Hydrogen is what's called an energy-dense fuel, making it capable of powering and decarbonizing heavy industries. Credit: Getty Images/Uma Shankar sharma

Earlier this month, while wildfires raged in Canada, emitting significant carbon and particulate matter that blanketed much of our Eastern Seaboard in apocalyptic-looking smog, the U.S. Department of Energy took an important step forward in its continuing efforts to mitigate such climate disasters by significantly reducing carbon dioxide emissions.

The department announced a plan to increase domestic clean hydrogen production by 400% in 20 years, from 10 million metric tons in 2030 to 50 million metric tons by 2050, which would cut nearly 10% of the United States’ planet-warming emissions by the same date.

As Energy Secretary Jennifer Granholm rightly noted, clean hydrogen is “the Swiss army knife of zero-carbon technologies.
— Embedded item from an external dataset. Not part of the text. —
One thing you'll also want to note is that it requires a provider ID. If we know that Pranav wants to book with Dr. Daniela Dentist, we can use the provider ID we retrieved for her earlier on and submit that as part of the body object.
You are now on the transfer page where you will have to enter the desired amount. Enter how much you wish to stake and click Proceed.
If we get it right, it can do just about everything . . . it could decarbonize some of our hardest to abate sectors, like heavy industry and transportation. It could also generate clean, dispatchable electricity and provide options for long-duration energy storage.”
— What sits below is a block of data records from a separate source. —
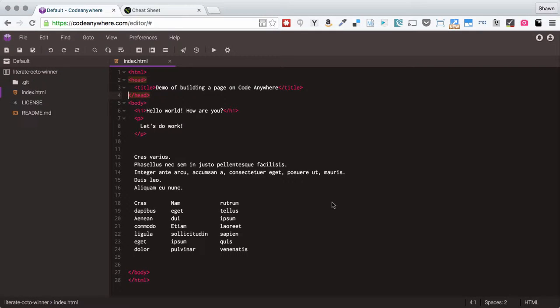Hello everybody, welcome to a quick demonstration of tips for working in text editors, specifically on CodeAnywhere, but most of these tips are actually doable on any modern development text editor.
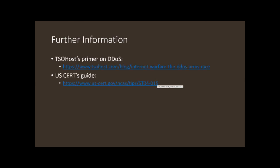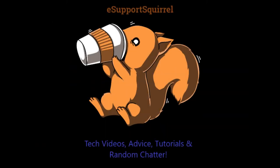So for further information, you can go to TSO's primer on DDoS - it's a pretty good primer. I used it to prepare for some of this video. US CERT also has a guide. CERT is their Cyber Emergency Response Team. They've got a lot of good information on this. ST04-015 is what you're looking for specifically here.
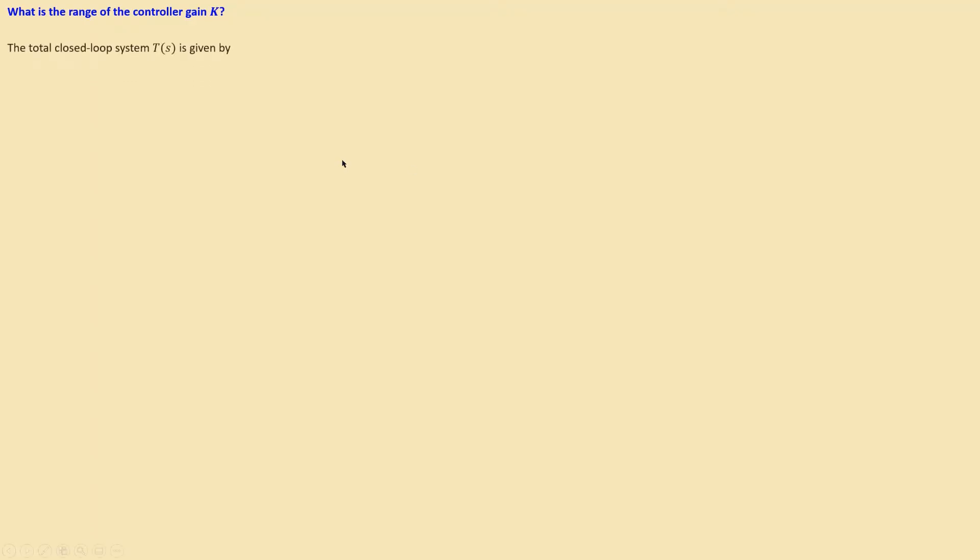Now, what is the full range of the controller gain k? Is there also a lower limit? We need to find the minimum allowable value of k.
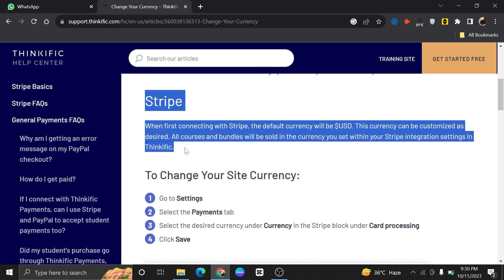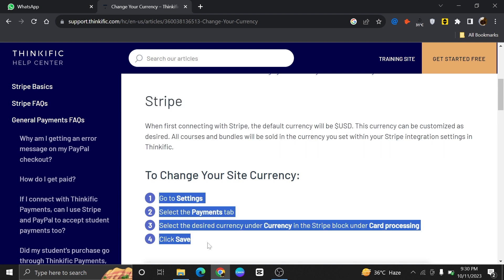Now let's see how to change the currency on your Stripe account. First, go to Settings, then select the Payment tab. From the options available, select the desired currency. You can see this under Card Processing. Once you have done this, click on Save. Doing so will change the currency on your Stripe account.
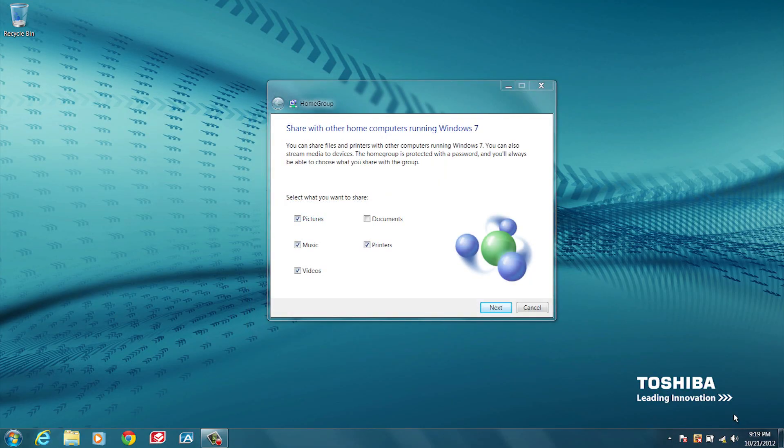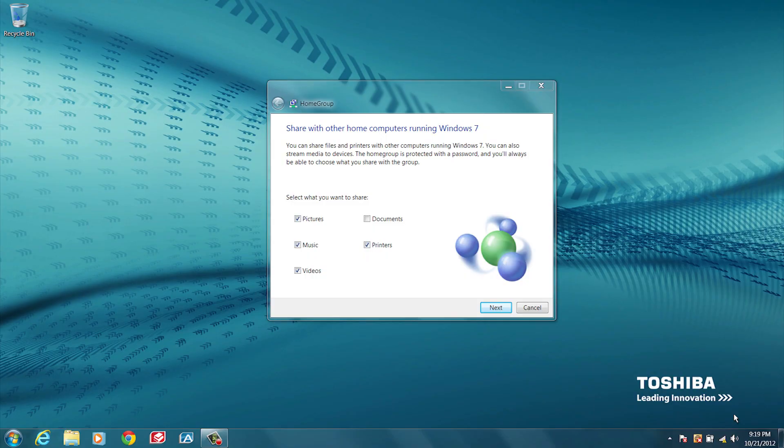After selecting Home Network, you'll be prompted to create a Home Group. This allows you to share information such as pictures, files, and music with other authorized computers on the same network. Read the information carefully before deciding to create a Home Group. Clicking Next will take you through the steps to create a Home Group. Clicking Cancel will exit creating a Home Group and connect you to your network.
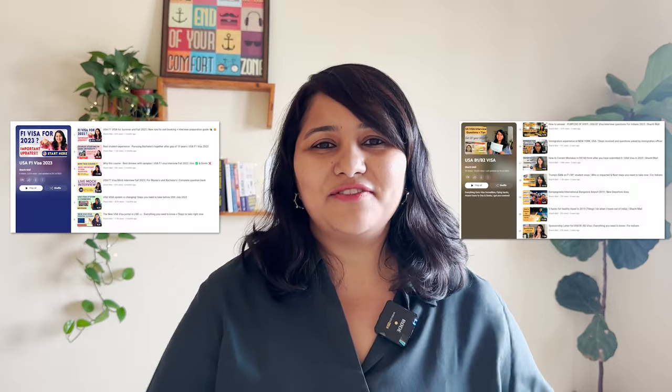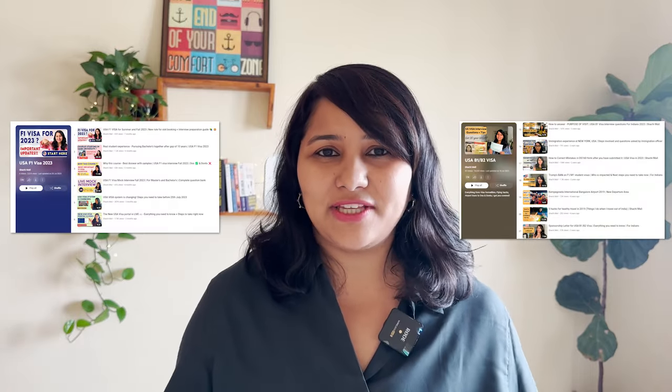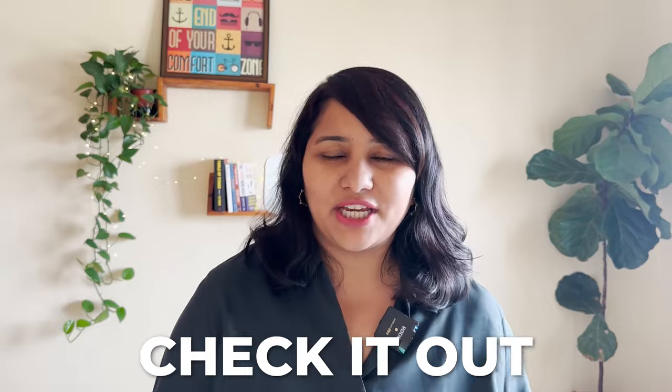Hi guys, my name is Shachi and I'm a travel and visa coach. On this channel, you'll find lots of useful videos on the US visa process. We have separate playlists for each of the visa categories, so make sure to check it out.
Hydrogen is what’s called an energy-dense fuel, making it capable of powering and decarbonizing heavy industries that today largely rely on energy-dense fossil fuels to make modern life possible.

Energy density affects the volume of fuel required to store a certain amount of energy. The more energy-dense a fuel, the less weight required to store it. This becomes particularly important in applications where storage space is limited, like on airplanes, which are today powered by jet fuel, resulting in significant CO2 emissions. And, unlike natural gas or other fossil fuels, hydrogen does not release any CO2 when combusted.

Getting hydrogen right is the hard part, especially as Department of Treasury officials consider policies that, if implemented, will make it impossible to produce this fuel sustainably at the speed and scale necessary to meet the DOE’s 2050 production targets and support the Biden administration’s long-term goal of achieving net-zero emissions that same year.

Notably, Treasury is considering severe limitations to the world’s highest-ever clean hydrogen production tax credit, passed last year by Congress in the Inflation Reduction Act. The credit provides up to $3 per kilogram of hydrogen produced from the same wide range of “abundant energy resources” called for in DOE’s new road map, “including renewables, nuclear, fossil, waste, and other carbon-based resources . . . ”

This inherent flexibility is necessary to encourage large-scale investment and innovation in the United States’ burgeoning clean hydrogen sector. There is mounting concern, however, that Treasury’s guidance will be too strict, making many existing domestic avenues for clean hydrogen production ineligible for the tax credit.

Specifically, Treasury might require clean electricity used for hydrogen production to come only from new (i.e., additional) clean generation sources, like solar and wind. But that comes with challenges — mainly cost. Clean hydrogen produced from these renewables costs around $5-6 per kilogram, whereas hydrogen produced from natural gas costs $1.50 per kilogram. By harnessing carbon capture and storage technologies, we can remove from the atmosphere the CO2 produced by that process and safely sequester it deep underground in geological rock formations.

Ultimately, the goal is to produce clean hydrogen exclusively from renewables, but first we need to bring down the cost. There’s no reason to think we can’t do that — but we absolutely cannot do it in time to enable the large-scale, rapid production of clean hydrogen required to meet 2050 targets.

If Treasury’s guidance does not reflect the flexibility intended by Congress, clean hydrogen will still be too expensive to produce, even with the tax credit, effectively stifling the industry’s growth.

This guest essay reflects the views of Devinder Mahajan, professor and director of the Institute of Gas Innovation & Technology at Stony Brook University.